性格などは彰の娘のものを引き継いでおり、記憶は喪われている。
彰の事を「パパ」と呼ぶ。

+ *坂城 彰(サカキ アキラ)
「万理」の父であり、優秀な研究者。
妻と娘を回転体の襲撃で亡くし、その後、エレボスの助力によって「マリ」を造った。
座敷牢の中で既に死亡している。

+ *タケル
15、16歳の少年。
村人の排他的な性質に疑問を持ち、集団を抜け出した。
しかし生活に困り、度々元いた廃村を漁っている。その際に村の状況に違和感を覚え、電化製品が暴走した原因を探っている。

+ 夜桜 繭(ヨザクラ マユ)
20代前半の女性。教会で子供達の面倒をみている。
子供達に名前は教えていない。(「繭」でなくなる事で過去を封印している)
①「人を傷付けてはならない」
②「人を傷付け得る存在は悪」→大人や自律機械などの迫害
①②の二つを教えとして掲げて、子供達を養育している。

+ 夜桜 舞子(ヨザクラ マイコ)、夜桜 理紀(ヨザクラ マサノリ)
50歳前後の男女。夫婦で機械系の研究をしていた。
繭へのいじめを止められなかった事に対して負い目を感じ、屋根裏部屋での生活を甘んじて受け入れ、必要な時には繭に知恵を貸している。

+ 子どもたち6人
5~10歳の子供が多い。名前は特にない。
回転体やそれ以外の影響で親を亡くした子供や、捨てられた子供である。
繭に拾われ、現在は彼女によって育てられている。
皆が繭を妄信して「教祖様」と呼んでいる。

+ 瓜生 紗耶(ウリュウ サヤ)
30代前半の女性。気は強いが、責任感があり根は優しい。
瑠菜の同僚だった医者であり、運よく回転体の攻撃の手をすり抜けた。
倒壊しかけた元職場の病院を解放し、人々の生活を支えている。

+ 石神 真白(イシガミ マシロ)
元は守護者の再生者である影人。真っ白な泥の集合体の様に見える存在。病院の周囲を徘徊し、瑠菜を見付けると執拗に追ってくる。(攻撃はしない)
実は生前に瑠菜が担当していた患者であり、恋人だった。彼女が死亡直前に庇った存在でもある。
瑠菜に感謝を伝える為に彼女を探しているが、影人である為に感情を伝える術を持たない。
「先天性色素欠乏症」(いわゆるアルビノ)を患っている上に身体が弱く、外に出るのが困難な程だった。
しかし、極めて純粋かつ優しい性格をしている。

+ 陽菜(ヒナ)
瑠菜の姉。

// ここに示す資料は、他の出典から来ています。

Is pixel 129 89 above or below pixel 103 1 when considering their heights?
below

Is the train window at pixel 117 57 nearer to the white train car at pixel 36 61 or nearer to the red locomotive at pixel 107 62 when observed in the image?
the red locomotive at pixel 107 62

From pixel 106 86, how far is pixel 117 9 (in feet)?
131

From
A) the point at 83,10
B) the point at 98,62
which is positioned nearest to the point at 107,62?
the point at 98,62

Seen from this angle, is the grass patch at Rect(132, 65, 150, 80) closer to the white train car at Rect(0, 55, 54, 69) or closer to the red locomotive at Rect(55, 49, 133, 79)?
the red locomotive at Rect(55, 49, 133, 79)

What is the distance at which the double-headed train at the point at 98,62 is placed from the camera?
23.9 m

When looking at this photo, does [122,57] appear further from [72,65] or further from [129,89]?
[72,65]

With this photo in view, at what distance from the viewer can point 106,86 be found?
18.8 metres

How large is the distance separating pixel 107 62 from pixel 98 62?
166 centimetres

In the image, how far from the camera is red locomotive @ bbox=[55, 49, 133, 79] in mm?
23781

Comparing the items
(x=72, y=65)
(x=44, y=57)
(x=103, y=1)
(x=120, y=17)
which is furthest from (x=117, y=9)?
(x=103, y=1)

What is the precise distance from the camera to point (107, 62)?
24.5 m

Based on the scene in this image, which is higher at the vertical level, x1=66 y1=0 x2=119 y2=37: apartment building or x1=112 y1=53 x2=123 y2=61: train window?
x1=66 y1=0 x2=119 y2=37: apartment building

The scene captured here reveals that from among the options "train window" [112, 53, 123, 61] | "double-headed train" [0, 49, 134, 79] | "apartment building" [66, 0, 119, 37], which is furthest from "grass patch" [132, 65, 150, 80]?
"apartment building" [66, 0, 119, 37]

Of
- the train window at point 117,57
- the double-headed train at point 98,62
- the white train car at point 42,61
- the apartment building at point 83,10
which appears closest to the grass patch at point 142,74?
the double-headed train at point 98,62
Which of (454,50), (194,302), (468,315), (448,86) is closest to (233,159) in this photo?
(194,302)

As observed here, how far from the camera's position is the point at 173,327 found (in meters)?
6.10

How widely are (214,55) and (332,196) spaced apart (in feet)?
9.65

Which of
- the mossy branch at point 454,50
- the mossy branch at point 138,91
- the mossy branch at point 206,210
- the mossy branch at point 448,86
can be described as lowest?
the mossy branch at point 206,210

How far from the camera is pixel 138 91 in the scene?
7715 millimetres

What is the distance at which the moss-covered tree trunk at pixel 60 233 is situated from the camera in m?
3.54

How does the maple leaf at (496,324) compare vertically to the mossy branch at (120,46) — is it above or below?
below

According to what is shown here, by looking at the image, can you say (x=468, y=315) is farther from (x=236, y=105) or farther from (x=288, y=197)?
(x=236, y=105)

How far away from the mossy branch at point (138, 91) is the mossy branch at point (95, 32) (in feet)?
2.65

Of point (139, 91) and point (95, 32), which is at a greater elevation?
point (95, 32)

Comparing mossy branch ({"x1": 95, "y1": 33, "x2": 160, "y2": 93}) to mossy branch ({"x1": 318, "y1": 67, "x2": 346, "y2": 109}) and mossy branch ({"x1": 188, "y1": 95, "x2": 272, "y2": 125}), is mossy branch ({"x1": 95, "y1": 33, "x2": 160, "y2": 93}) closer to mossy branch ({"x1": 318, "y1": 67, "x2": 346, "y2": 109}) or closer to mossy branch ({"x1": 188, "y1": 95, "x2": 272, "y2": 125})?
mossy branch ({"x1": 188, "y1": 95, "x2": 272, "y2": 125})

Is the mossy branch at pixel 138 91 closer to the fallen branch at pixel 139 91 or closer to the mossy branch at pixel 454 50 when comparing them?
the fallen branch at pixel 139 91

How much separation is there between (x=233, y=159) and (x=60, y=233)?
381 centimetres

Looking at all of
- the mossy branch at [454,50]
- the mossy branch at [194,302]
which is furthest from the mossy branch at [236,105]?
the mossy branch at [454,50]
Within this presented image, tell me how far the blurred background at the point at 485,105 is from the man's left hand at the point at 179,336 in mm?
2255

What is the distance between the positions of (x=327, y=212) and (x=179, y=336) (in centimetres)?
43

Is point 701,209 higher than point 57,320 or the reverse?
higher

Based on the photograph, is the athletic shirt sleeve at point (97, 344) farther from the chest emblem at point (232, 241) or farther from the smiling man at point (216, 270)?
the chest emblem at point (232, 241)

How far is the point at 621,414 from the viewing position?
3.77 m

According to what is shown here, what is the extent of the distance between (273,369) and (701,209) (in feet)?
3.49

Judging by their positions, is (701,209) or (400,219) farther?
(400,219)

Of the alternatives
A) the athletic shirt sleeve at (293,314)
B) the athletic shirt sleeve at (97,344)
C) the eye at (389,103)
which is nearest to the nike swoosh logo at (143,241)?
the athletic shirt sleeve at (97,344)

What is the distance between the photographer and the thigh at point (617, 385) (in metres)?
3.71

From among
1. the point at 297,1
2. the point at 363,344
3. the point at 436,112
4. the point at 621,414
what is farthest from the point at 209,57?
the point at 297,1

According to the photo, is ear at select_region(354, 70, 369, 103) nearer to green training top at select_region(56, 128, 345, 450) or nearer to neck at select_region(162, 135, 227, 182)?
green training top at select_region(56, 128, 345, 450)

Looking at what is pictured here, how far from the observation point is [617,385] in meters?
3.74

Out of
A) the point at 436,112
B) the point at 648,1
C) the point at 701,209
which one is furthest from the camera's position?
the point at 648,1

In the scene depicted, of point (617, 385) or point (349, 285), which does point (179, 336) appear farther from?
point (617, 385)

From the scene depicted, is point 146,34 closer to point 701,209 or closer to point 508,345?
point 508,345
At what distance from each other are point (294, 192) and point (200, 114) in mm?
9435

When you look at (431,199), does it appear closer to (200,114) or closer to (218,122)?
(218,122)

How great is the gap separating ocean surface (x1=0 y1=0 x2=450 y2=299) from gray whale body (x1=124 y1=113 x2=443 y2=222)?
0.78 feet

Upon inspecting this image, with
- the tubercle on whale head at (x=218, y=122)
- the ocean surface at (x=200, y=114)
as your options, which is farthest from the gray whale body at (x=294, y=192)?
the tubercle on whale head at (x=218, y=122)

かつて、村で瑠菜の都会行きを唯一後押しした存在。
現在は収集者の再生者になっており、瑠菜の事は思い出していない。
本当は自分も村を出たいと思っていたが、瑠菜の為に諦めた過去がある。
村の在り方を知りながら変えられなかったことを悔やんでいる。
未練:
確認「妹」
確認「両親」
確認「夢」
返報「自分自身」
救済「攻撃的な在り方」
謳歌「子供達」
FBE:

「貴女の為に生きましょう」《忍耐》シールド1
「受け入れ難い両親」全表示《広域判定バフ》2
「医者を志した日」械復《構造力回復》3
憎悪
「日常は宝探しだった」実体化《アイテム入手》2
「無力とは罪なのだから」崩壊《直接ダメージ》2
「こうはならない、なりたくない」拒絶《強化》

あらすじ

※全てオリジナルシナリオ。第1話は定例以外でも回す可能性がある為、ネタバレ注意。第2話以降は定例限定シナリオである。

+ 第1話「とある少女の話」
[前日譚]
 現在では廃村になっている、とある集落。その集落の人々は極めて排他的であり、また、自分達の利益の為には外の人物を害する事を厭わない性質であった。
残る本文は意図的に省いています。